- Work to be completed
Copy everything in the listing below word for word, apart from any images.

BEGIN Given data

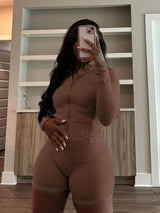 Athletic Two-Piece Set with Zipper Detail - S, Brown image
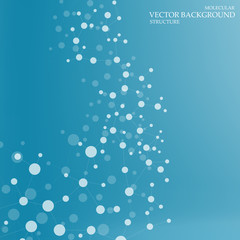 Structure molecule and communication Dna, atom, neurons. Science concept for your design. Connected lines with dots. Medical, technology, chemistry, science background. Vector illustration.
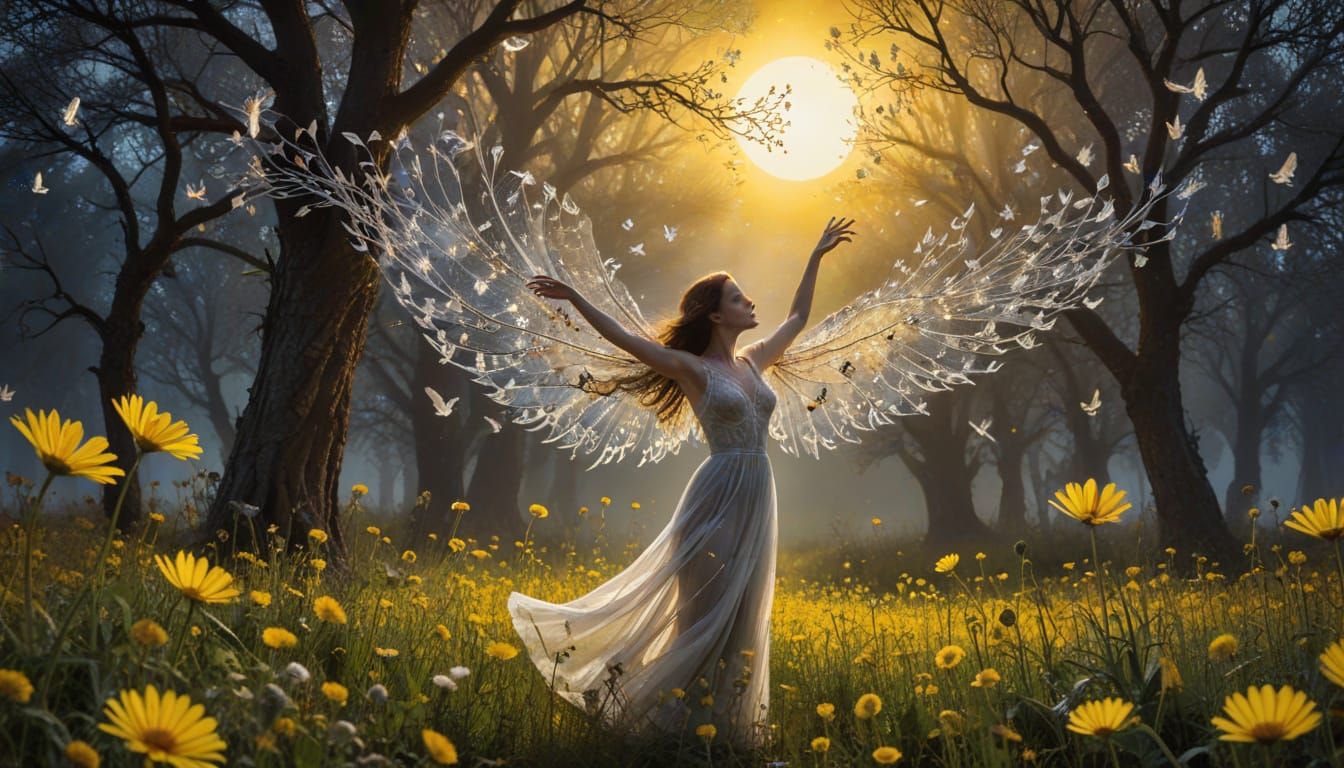 Ethereal Silver Being Radiates Iridescent Glow Amidst Dandel...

END Given data

- Solved problem
 Athletic Two-Piece Set with Zipper Detail - S, Brown image
 Structure molecule and communication Dna, atom, neurons. Science concept for your design. Connected lines with dots. Medical, technology, chemistry, science background. Vector illustration.
 Ethereal Silver Being Radiates Iridescent Glow Amidst Dandel...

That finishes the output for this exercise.